So in the specifications we have that 2S battery voltage is 7.4V, 3S battery 11.1V ...and so on.
The second label on the battery that is important is its capacity, expressed in mAh (milliamper hours).
The higher the capacity of your battery, the longer flight time will be.
Of course, batteries with higher capacity are much heavier, so you have to be careful not to overweight the overall weight of the model because the over-weighted model does not fly at all.
The third label that is very important for the battery is the C rating label.
We will discuss this a bit longer because it is a pretty confusing for the beginner.
The C-rating tells us how much current battery can constantly deliver.
The power of the battery that can be constantly supplied also depends on the capacity of the battery itself.
So we come up with the formula capacity (in Ah) times C-rating = max. electric current that battery can provide.
Let's take an example of 2200mAh battery labeled 20C:
2200mAh is 2.2 Ah (amper-hours) times 20 = 44A
Therefore, this battery is designed for a maximum constant discharge of 44A.
The same kind of battery, but with 40C label, can be constantly discharged with electric current of 88A.

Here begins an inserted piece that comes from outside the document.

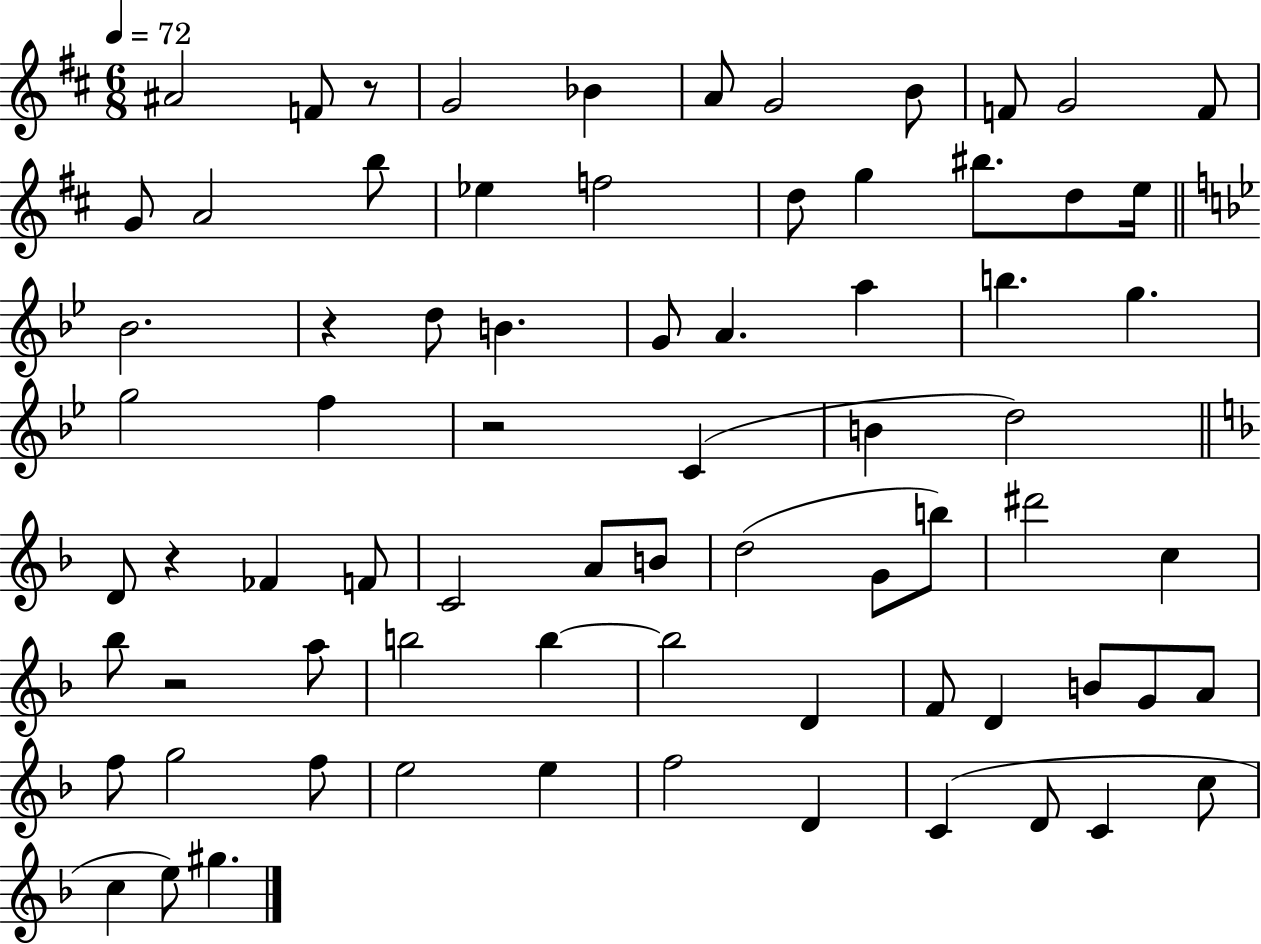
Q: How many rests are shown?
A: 5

Some battery series have two C-rating labels, for example the Turnigy Nano-Tech series, which are labeled as at 25-50C.
What does this mean?
This means that the battery is nominally rated as 25C and supports a constant discharge of 25C, but it also supports the so-called Burst (short duration about 1-2 seconds) discharge, when the current can jump up to 50C in very short time, without damaging the battery.
It should be noted that the batteries with a higher C-rating are more expensive than those with smaller rating and a few grams are heavier.

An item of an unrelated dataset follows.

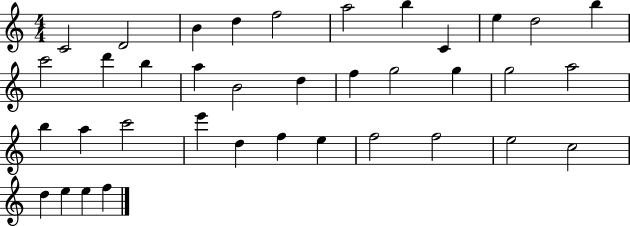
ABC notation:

Also, if you buy battery from well known manufacturers (Gensace ..), you can be sure that the C-rating is exactly what it is written on the battery. Such batteries are sometimes several times more expensive than Chinese ones with the same cell count,capacity and C-rating.

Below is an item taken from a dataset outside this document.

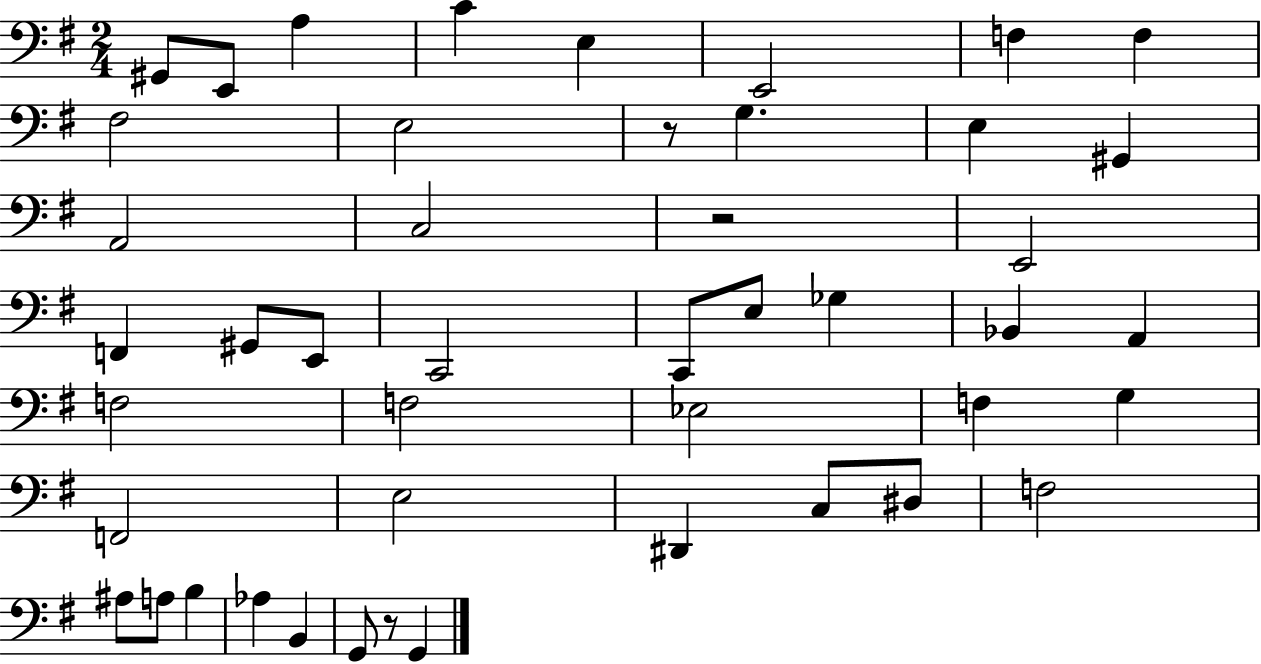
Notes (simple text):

If you try to buy cheapest battery do not be surprised to come up with a low-cost, high-C battery, which, after 2 charhing cycles, becomes unusable. This is because they often write that the battery is 25C, and in fact, it is barely 10 or 15C.
From my personal experience, I recommend always getting a battery of at least 30C, as good enough and not so expensive I recommend the Zippy Flightmax battery series from HobbyKing.
Each battery has 2 wire extensions. The one with thick wires and various types of connectors (the connector depends on the capacity and current that the battery can deliver - small connectors for small currents, bigger for large currents), that is the main output of the battery and connects to the ESC.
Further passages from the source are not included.